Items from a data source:
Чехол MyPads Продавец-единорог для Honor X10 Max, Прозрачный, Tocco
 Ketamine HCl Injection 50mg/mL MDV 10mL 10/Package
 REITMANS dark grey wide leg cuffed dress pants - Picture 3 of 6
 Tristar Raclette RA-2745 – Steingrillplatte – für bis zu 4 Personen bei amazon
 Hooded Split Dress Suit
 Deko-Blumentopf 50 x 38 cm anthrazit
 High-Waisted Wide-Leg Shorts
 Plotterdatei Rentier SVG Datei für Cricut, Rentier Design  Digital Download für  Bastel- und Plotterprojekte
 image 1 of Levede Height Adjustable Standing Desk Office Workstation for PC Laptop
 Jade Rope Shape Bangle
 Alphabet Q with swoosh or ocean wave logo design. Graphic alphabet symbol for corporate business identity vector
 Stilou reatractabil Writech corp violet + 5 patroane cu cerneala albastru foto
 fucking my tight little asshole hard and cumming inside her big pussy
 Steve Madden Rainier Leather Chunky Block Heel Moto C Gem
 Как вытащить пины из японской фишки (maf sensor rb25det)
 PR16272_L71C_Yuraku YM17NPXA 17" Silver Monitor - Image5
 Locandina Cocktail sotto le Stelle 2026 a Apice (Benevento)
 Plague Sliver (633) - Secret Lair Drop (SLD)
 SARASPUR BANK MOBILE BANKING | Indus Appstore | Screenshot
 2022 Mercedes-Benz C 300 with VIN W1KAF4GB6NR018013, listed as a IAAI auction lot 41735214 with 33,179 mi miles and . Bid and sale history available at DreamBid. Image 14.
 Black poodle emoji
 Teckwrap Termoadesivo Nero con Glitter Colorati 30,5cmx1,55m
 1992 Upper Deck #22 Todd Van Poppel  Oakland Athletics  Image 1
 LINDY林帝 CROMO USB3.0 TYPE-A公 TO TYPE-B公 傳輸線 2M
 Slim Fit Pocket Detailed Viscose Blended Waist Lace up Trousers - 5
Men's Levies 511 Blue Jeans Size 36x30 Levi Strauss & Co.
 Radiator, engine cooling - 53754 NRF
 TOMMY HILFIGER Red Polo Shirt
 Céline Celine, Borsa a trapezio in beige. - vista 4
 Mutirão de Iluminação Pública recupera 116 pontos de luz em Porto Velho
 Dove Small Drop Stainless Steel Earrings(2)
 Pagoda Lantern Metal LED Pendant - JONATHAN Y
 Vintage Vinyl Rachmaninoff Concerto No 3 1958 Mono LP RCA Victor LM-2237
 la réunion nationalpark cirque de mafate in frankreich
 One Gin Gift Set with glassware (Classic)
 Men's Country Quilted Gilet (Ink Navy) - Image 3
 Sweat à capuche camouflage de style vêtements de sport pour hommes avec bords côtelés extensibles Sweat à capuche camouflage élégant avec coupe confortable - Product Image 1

▸ **What the task requires**
All the data needs repeating. Return it exactly.

▸ **Result of this exercise**
Чехол MyPads Продавец-единорог для Honor X10 Max, Прозрачный, Tocco
 Ketamine HCl Injection 50mg/mL MDV 10mL 10/Package
 REITMANS dark grey wide leg cuffed dress pants - Picture 3 of 6
 Tristar Raclette RA-2745 – Steingrillplatte – für bis zu 4 Personen bei amazon
 Hooded Split Dress Suit
 Deko-Blumentopf 50 x 38 cm anthrazit
 High-Waisted Wide-Leg Shorts
 Plotterdatei Rentier SVG Datei für Cricut, Rentier Design  Digital Download für  Bastel- und Plotterprojekte
 image 1 of Levede Height Adjustable Standing Desk Office Workstation for PC Laptop
 Jade Rope Shape Bangle
 Alphabet Q with swoosh or ocean wave logo design. Graphic alphabet symbol for corporate business identity vector
 Stilou reatractabil Writech corp violet + 5 patroane cu cerneala albastru foto
 fucking my tight little asshole hard and cumming inside her big pussy
 Steve Madden Rainier Leather Chunky Block Heel Moto C Gem
 Как вытащить пины из японской фишки (maf sensor rb25det)
 PR16272_L71C_Yuraku YM17NPXA 17" Silver Monitor - Image5
 Locandina Cocktail sotto le Stelle 2026 a Apice (Benevento)
 Plague Sliver (633) - Secret Lair Drop (SLD)
 SARASPUR BANK MOBILE BANKING | Indus Appstore | Screenshot
 2022 Mercedes-Benz C 300 with VIN W1KAF4GB6NR018013, listed as a IAAI auction lot 41735214 with 33,179 mi miles and . Bid and sale history available at DreamBid. Image 14.
 Black poodle emoji
 Teckwrap Termoadesivo Nero con Glitter Colorati 30,5cmx1,55m
 1992 Upper Deck #22 Todd Van Poppel  Oakland Athletics  Image 1
 LINDY林帝 CROMO USB3.0 TYPE-A公 TO TYPE-B公 傳輸線 2M
 Slim Fit Pocket Detailed Viscose Blended Waist Lace up Trousers - 5
Men's Levies 511 Blue Jeans Size 36x30 Levi Strauss & Co.
 Radiator, engine cooling - 53754 NRF
 TOMMY HILFIGER Red Polo Shirt
 Céline Celine, Borsa a trapezio in beige. - vista 4
 Mutirão de Iluminação Pública recupera 116 pontos de luz em Porto Velho
 Dove Small Drop Stainless Steel Earrings(2)
 Pagoda Lantern Metal LED Pendant - JONATHAN Y
 Vintage Vinyl Rachmaninoff Concerto No 3 1958 Mono LP RCA Victor LM-2237
 la réunion nationalpark cirque de mafate in frankreich
 One Gin Gift Set with glassware (Classic)
 Men's Country Quilted Gilet (Ink Navy) - Image 3
 Sweat à capuche camouflage de style vêtements de sport pour hommes avec bords côtelés extensibles Sweat à capuche camouflage élégant avec coupe confortable - Product Image 1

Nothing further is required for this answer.